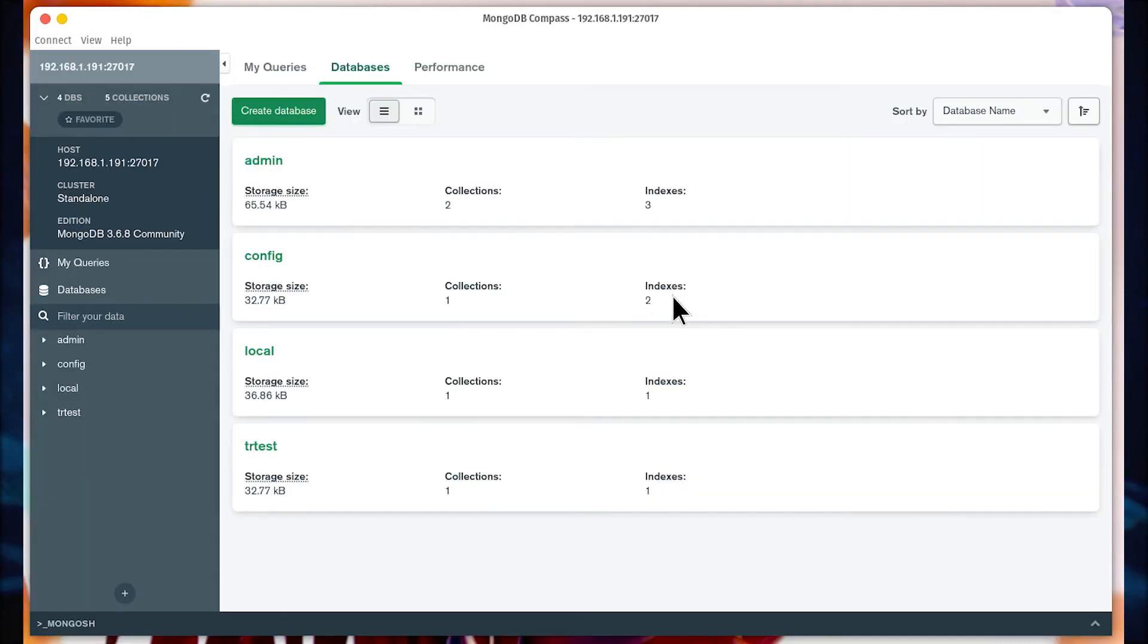Compass should instantly connect with your server and present you with a listing of the databases hosted by MongoDB.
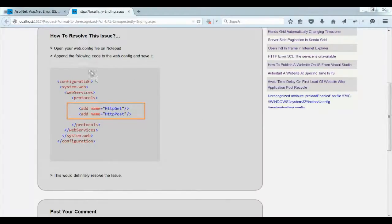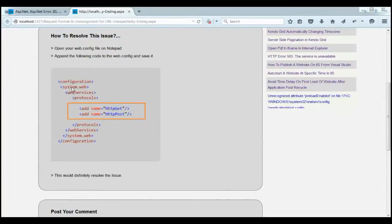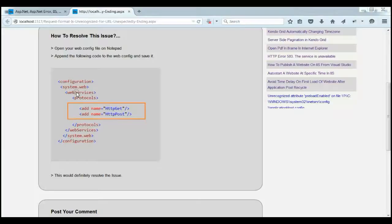open web.config file on notepad and append the following code under system.web. By writing this code on web.config, we are just enabling the httpget and httppost for the web services.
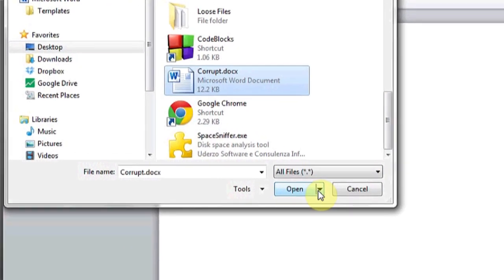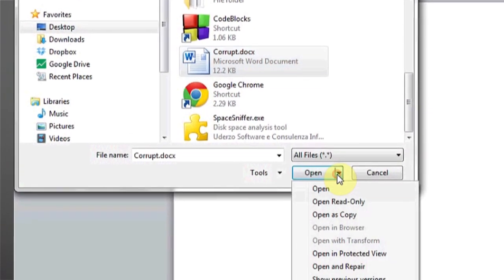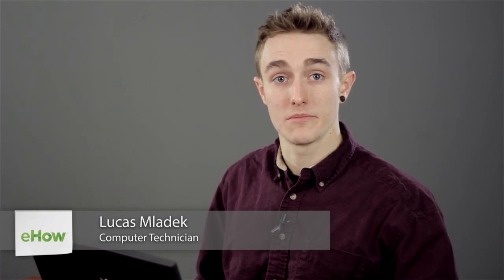Hi, my name is Luke, and this is how to repair an encrypted Word file. If you have an encrypted Word file that has somehow become damaged and needs repair, what you're going to have to do is first unencrypt the file. You'll need a password or the decryption key in order to do this.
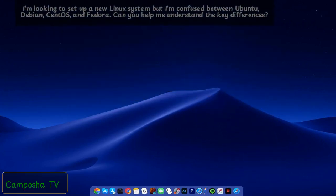I'm looking to set up a new Linux system, but I'm confused between Ubuntu, Debian, CentOS, and Fedora. Can you help me understand the key differences?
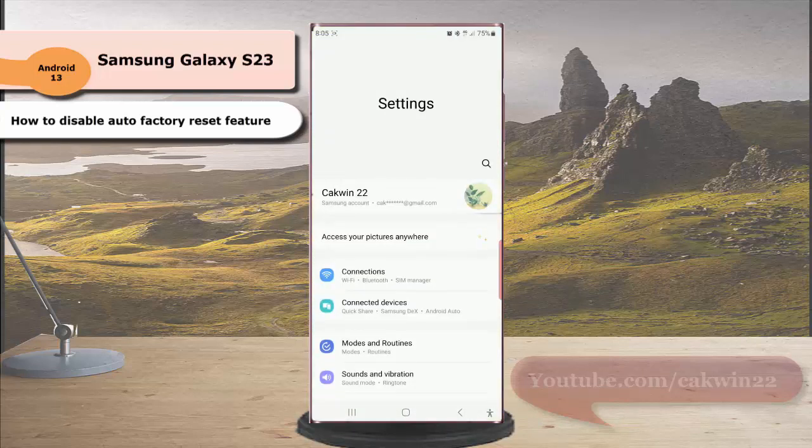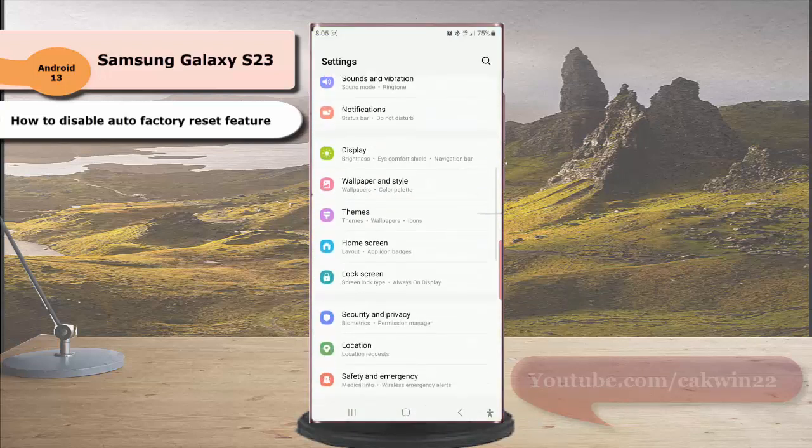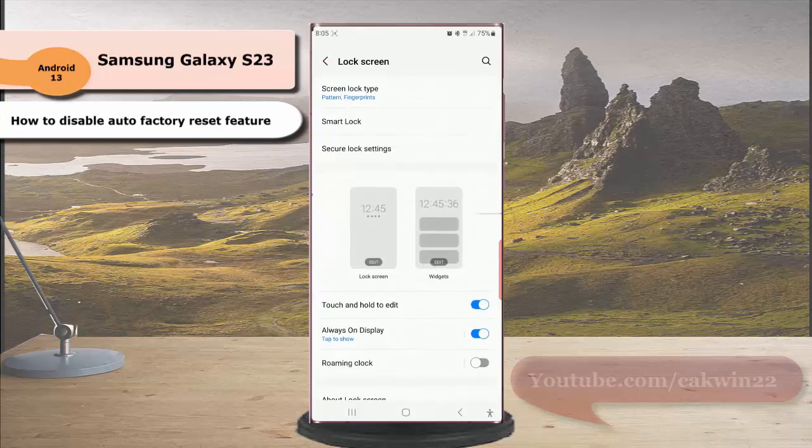Scroll down the screen to find lock screen, tap lock screen, and then tap secure lock setting.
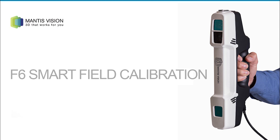Welcome to F6 Smart 3 Steps Field Calibration Video Tutorial. This video will guide you through the entire field calibration process.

####

## TASK GOAL
Set the lines above down again, word for word, from the first through the one containing "Hi, my name"; pictures excluded.

## ANSWER BELOW
Compass should instantly connect with your server and present you with a listing of the databases hosted by MongoDB.
open web.config file on notepad and append the following code under system.web. By writing this code on web.config, we are just enabling the httpget and httppost for the web services.
Hi, my name is Luke, and this is how to repair an encrypted Word file. If you have an encrypted Word file that has somehow become damaged and needs repair, what you're going to have to do is first unencrypt the file. You'll need a password or the decryption key in order to do this.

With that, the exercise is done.